Considering that I stopped to eat a delicious crisp Asian pear halfway through (coincidentally after the section on crispiness), the ick factor is minimal. But I do like poking organs, so, well.
Roach spends a fair bit of time trying to undercut the grossness. I will say now that reading about this stuff doesn’t bother me at all, although sensitive nose = keep it away and also I don’t want to be around other people’s bodily fluids, generally speaking. Anyway, the frequent almost-apologizing for the topic is about the only thing that got to me in ‘Bonk,’ and it takes on a different tone here: she alternates between an academic tone and casual banter. There are a lot of silly jokes, which are indeed fun—Roach is a fun writer—but occasionally they feel out of place, and the balance between the science and the humor is sometimes tenuous.

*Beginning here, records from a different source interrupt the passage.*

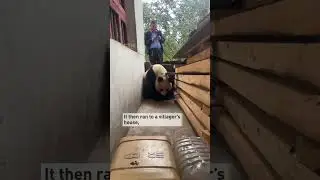 Wild panda breaks into villager's house in northwest China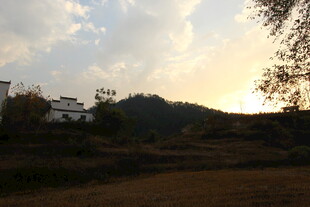 婺源夕阳下的乡村田园景色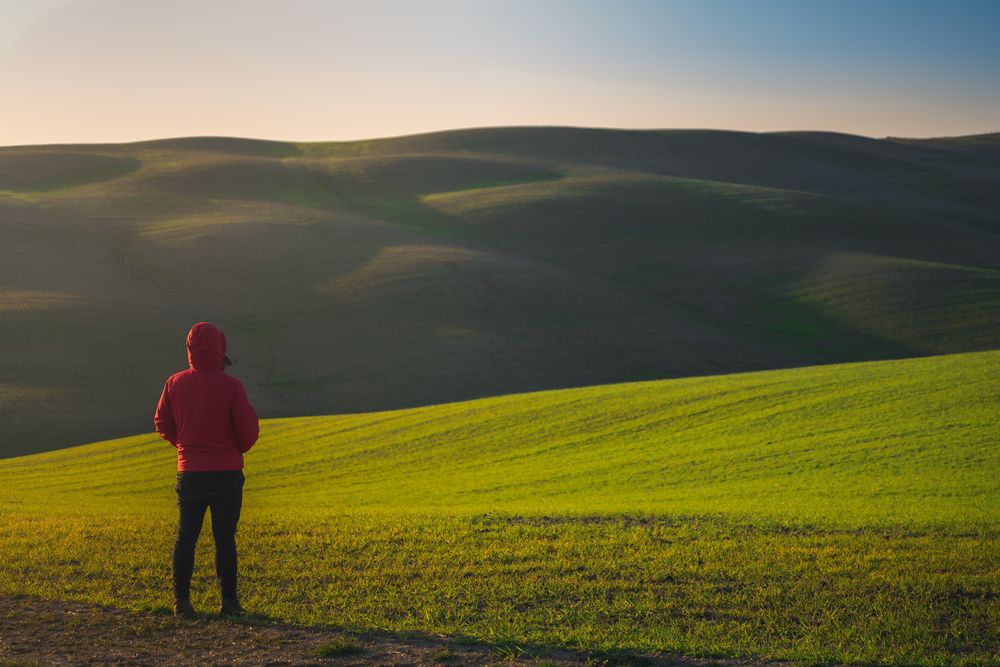 Traveling man walking on green rural road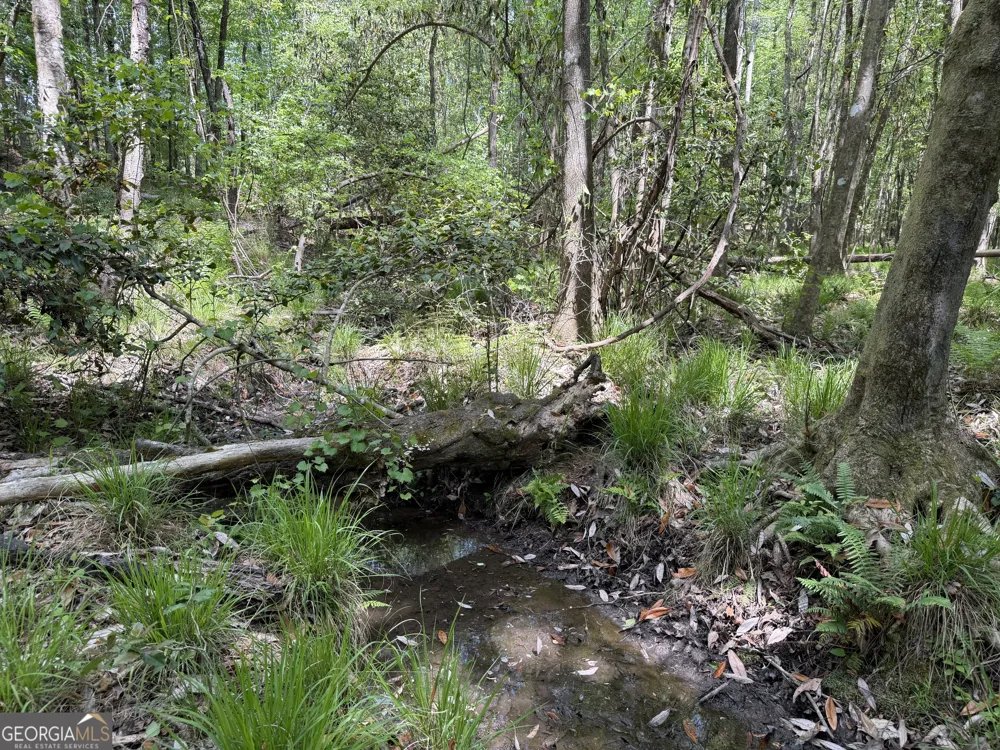 005 George Milling RD Cuthbert, GA 39840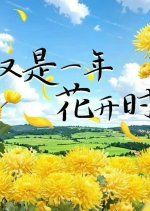 You Shi Yi Nian Hua Kai Shi Chinese Drama photo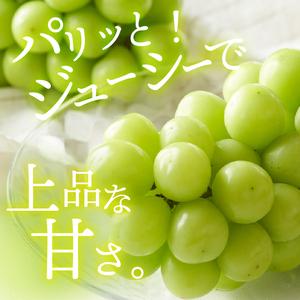 ふるさと納税 〈2024年度配送分〉甲府市産 シャインマスカット 3〜5房（2.0kg以上） 山梨県甲府市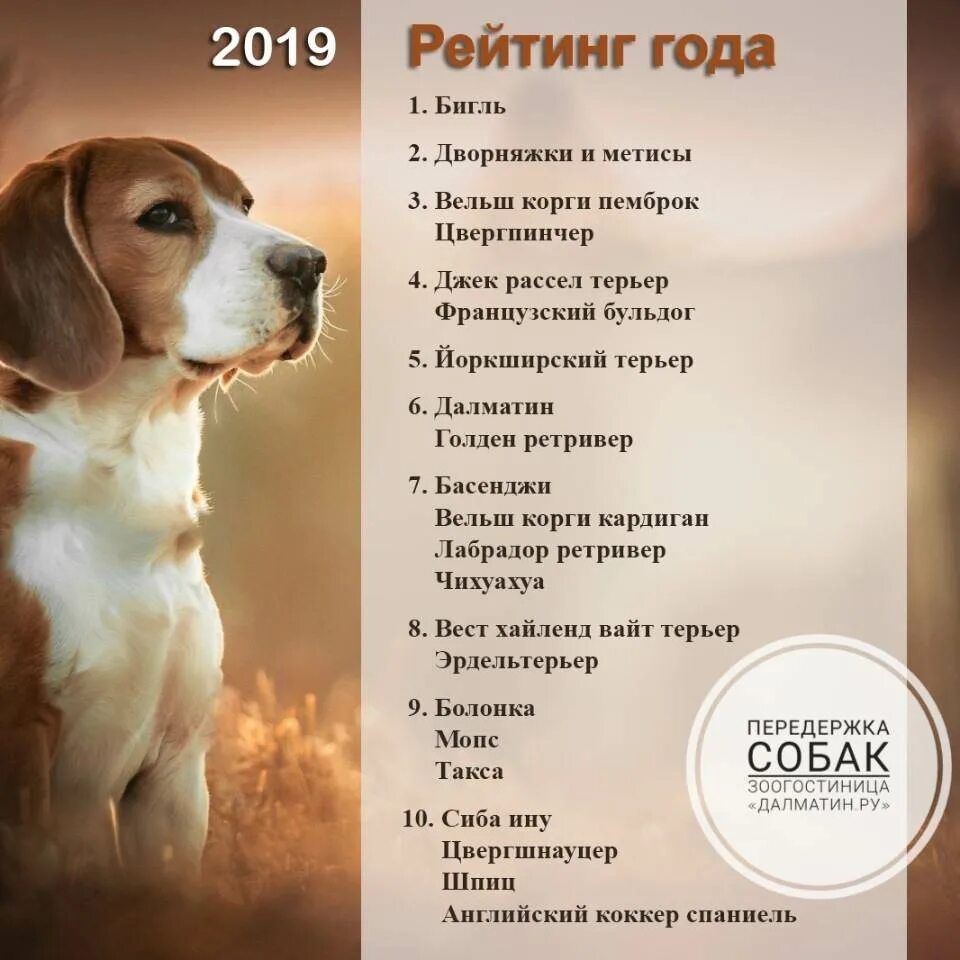 Выбираем кличку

People are reading this book because they want to, so I wish she wouldn’t try as hard to commiserate on the ‘ew this is gross’ stuff; it works when she mentions that Dr. Nichopoulous’ daughter must think they’re weird, shooting the breeze about Elvis’ bowel issues, and less well when it’s just an aside to the reader. Hey, I’m here because I think this is awesome, too! And also I would like those Mylar pantaloons. I wish the book came with image plates of some of the stuff described, they’re on a whole other level of ‘want.’
Oh, and one more note: Roach does a really nice job of bringing up pseudoscience. Especially with all the crap (ha, ha) floating around on the Internet, it’s important to get your science from actual scientists. Old ideas on fixing things like removing bits of healthy colon and then galvanizing come up, as well as more modern nostrums such as probiotics (the label is dumb, and also placebo effect). So that’s awesome too. It’s garbage science spread around by celebrities that’s increasing infant mortality rates in the US and UK (ever heard of herd immunity?) so we could use more popular books that call it out.
The scientists who do this work totally deserve more attention than they get, and massive kudos to Roach for dedicating a book to them. One of her best qualities is taking on seemingly weird subjects and revealing, instead, that they’re important to all of us, not just money-draining curiosities.